Ayaan Hirsi Ali was once a central figure among the so-called "New Atheists." She revealed in a Nov. 11, 2023, op-ed that she had converted to Christianity, both for the meaning it provides as well as for its unifying doctrine, which she wrote can "fortify us against our menacing foes."

Militant atheist Richard Dawkins, her longtime friend and "mentor," penned an open letter to Ali three days later, suggesting the Dutch-American human rights activist, mother, and staunch critic of Islam was insincere about her newfound faith.

"You are no more a Christian than I am," wrote Dawkins. "No, Ayaan, you are not a Christian, you are just a decent human being who mistakenly thinks you need a religion in order to remain so."

It appears Ali's sincerity is just one more thing Dawkins has managed to get wrong.

Ali appeared on stage Saturday with Dawkins for the inaugural Dissident Dialogues conference in New York City, where she identified a number of her past intellectual missteps — apparent missteps Dawkins is alternatively committed to keep making — and made abundantly clear both to the audience and Dawkins that she does, in fact, believe in God, pray, and follow Christ.

The former atheist's profession of faith and admission of past errors electrified the audience, which appeared altogether keen to celebrate both Dawkins' loss of a fellow traveler and Christians' gain of a sister.

Background

Blaze News previously reported that Ali, who lives under a fatwa, was raised Muslim in Somalia. Under what she came to regard as a "nihilistic cult of death," Ali suffered genital mutilation, was denied her artistic loves, and was married off to a distant cousin.

While already chased down the road to apostasy by brutal oppression, the Sept. 11, 2001, Islamic terrorist attacks on the U.S. helped accelerate Ali's rejection of Islam. Ali's antipathy toward Islam apparently prompted her not only to reject the Muslim faith but "to adopt an attitude of scepticism towards religious doctrine, discard my faith in God and declare that no such entity existed."

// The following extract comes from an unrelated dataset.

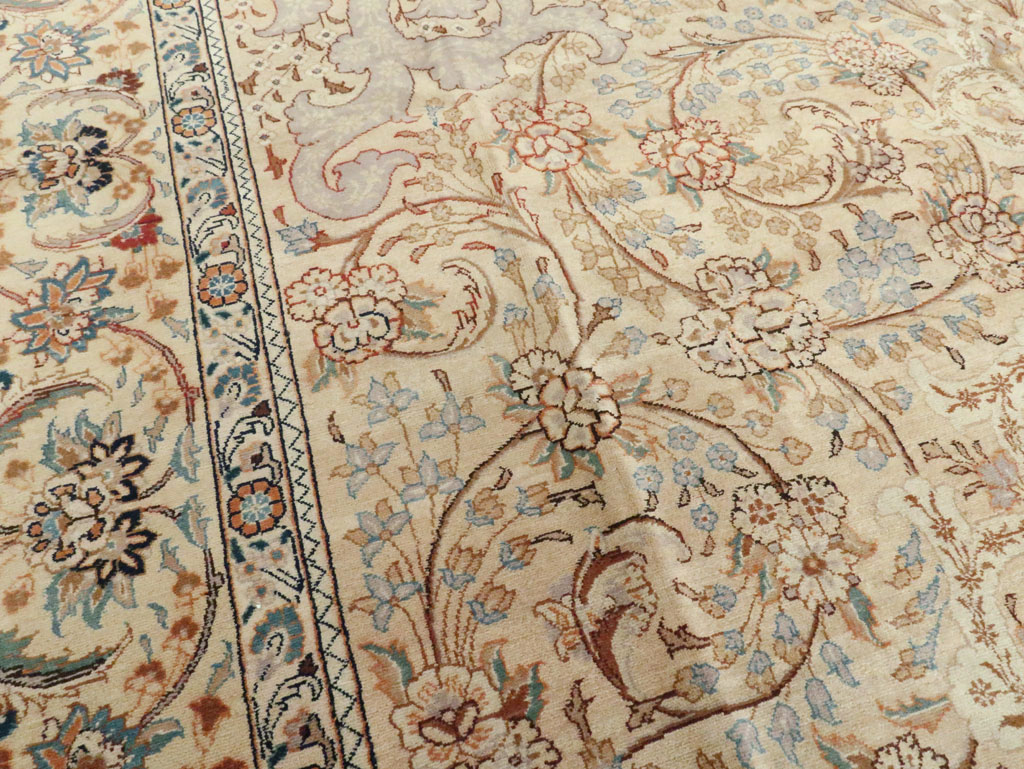 Vintage Persian Tabriz Rug, No.16353 - Gss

Decades later, she recognized that atheism is a "weak and divisive doctrine."

Ali explained last year in an article for UnHerd that she became a Christian in part because the faith equips believers to internally and externally fight the evils of the day — battles atheism is at best useless in but more often than not on the wrong side of.

Quoting the Catholic apologist G.K. Chesterton, Ali stressed that "when men choose not to believe in God, they do not thereafter believe in nothing, they then become capable of believing in anything."

"We can't withstand China, Russia and Iran if we can't explain to our populations why it matters that we do. We can't fight woke ideology if we can't defend the civilisation that it is determined to destroy. And we can't counter Islamism with purely secular tools," wrote Ali. "Unless we offer something as meaningful, I fear the erosion of our civilisation will continue. And fortunately, there is no need to look for some new-age concoction of medication and mindfulness. Christianity has it all."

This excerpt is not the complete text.